Before I leave all the attributions, please visit Sally’s tutorial page, where she has other tutorials for bunnies and fish and all sorts of creatures.
But mine are slightly different, both in size and in style, so I wrote up atutorial for what I want. Since they are small, I’d like you to make me two, if you wouldn’t mind. I used Gayle’s post for inspiration (also look *here.*). To make it easier on yourself, make them both the same, but if you get adventurous, it’s okay to flip the orientation of the piglets, or make one going up and one coming down. But really, keep it simple so you aren’t calling me names in the middle of this process.

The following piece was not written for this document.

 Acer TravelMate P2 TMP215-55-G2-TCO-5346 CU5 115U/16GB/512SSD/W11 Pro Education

Again, while Sally has a tutorial (linked above) and she is the designer of this block, I changed up a few things (like the dimensions), so please follow along and make my piglet according to my tutorial. The piggies are all scrappy, but I do need:
sky–a consistent low-volume or “background–no need to make them the same fabric, but the do need to be the same lightness: pale blue, cream, white, tan, low-volume with grey/tan/etc. prints. Avoid prints with too dark of text or design so that it throws it to a muddy tonality. Some background prints are fun and will make the quilt more sparkly. It’s okay to mix up the borders, but I’d probably stick to the same fabric around the piglet.

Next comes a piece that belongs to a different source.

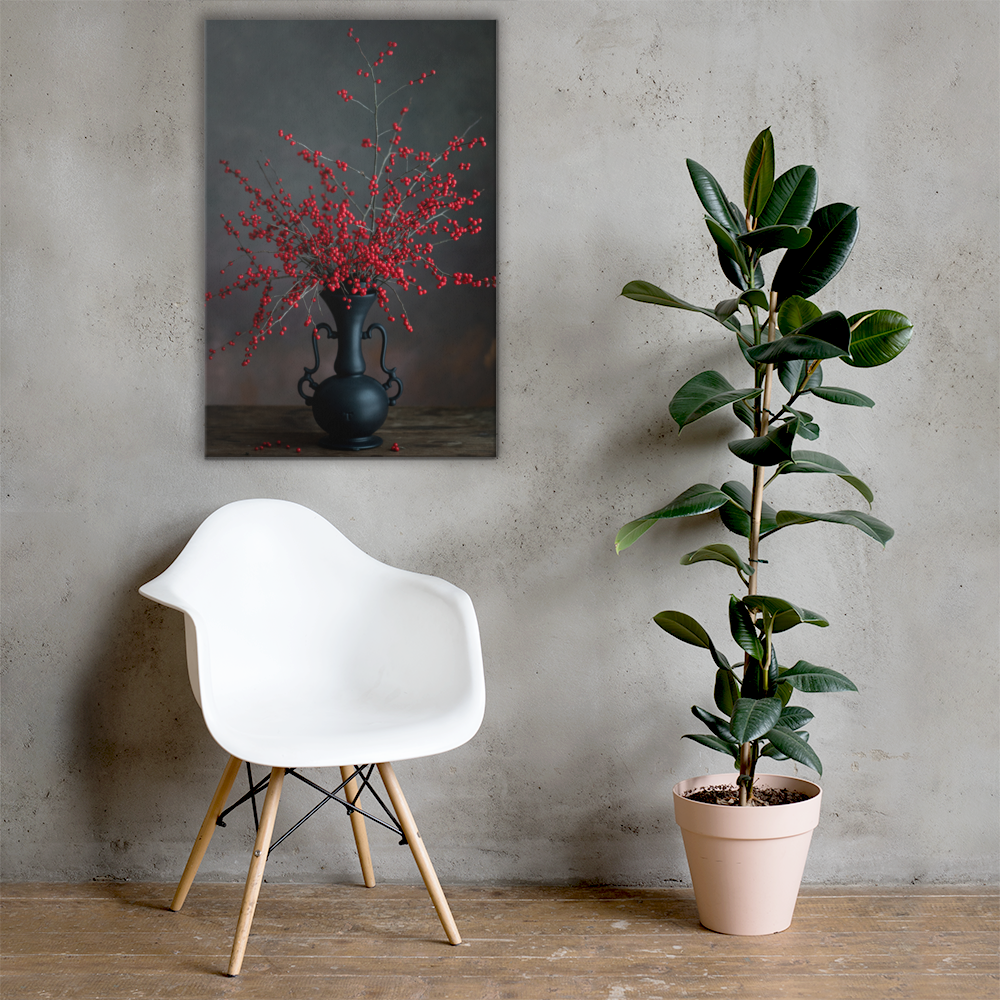 DSC06819-23-canvas_mockup_Lifestyle-2_Lifestyle_24x36.png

body–a medium value fabric: small print or geometric, floral, Kaffe, but avoid fabrics that look “splotchy” when cut this small (such as cutting a giant polka dot in half)–generally anything in your stash. Have fun. Make me some colorful piglets.
ears, feet, snout–a darker-toned fabric that stands out from the body fabric
tail–embroidery floss/Perle cotton to match your piglet, to embroider the tail. Pattern is not given for this, but below are some piglet tail ideas. Please use a back stitch. More info in the tutorial.
Gayle showed hers on a tilting grassy hill, which I like quite well, so that’s what I’m asking you to make for me. Copious amounts of photography and images and text follow, but really it isn’t too hard. The following directions yield one piggie, so cut everything out double, out of two different piles of scrappiness.
Lastly, I follow standard print journalism standards: the caption in UNDERNEATH the image (MQG had theirs backwards on their award-winners page and I was so confused!)
Cut the background (sky).
Cut the body fabric.
Cut the accent pieces of snout, ear and feet.
Step one is to snowball body fabric onto the background fabric, using the 2- 1/2″ square pieces of background and the 1 -1/2″ square pieces of body fabric. Then the last snowball is a double: use one 2- 1/2″ square of accent fabric and snowball on one 1 -1/2″ square of background and one 1- 1/2″ square of body fabric. Press the snowball corners to the dark side, and trim after pressing. With the double-snowball, you’ll press one square’s seam allowance toward the accent fabric and the other toward the body fabric.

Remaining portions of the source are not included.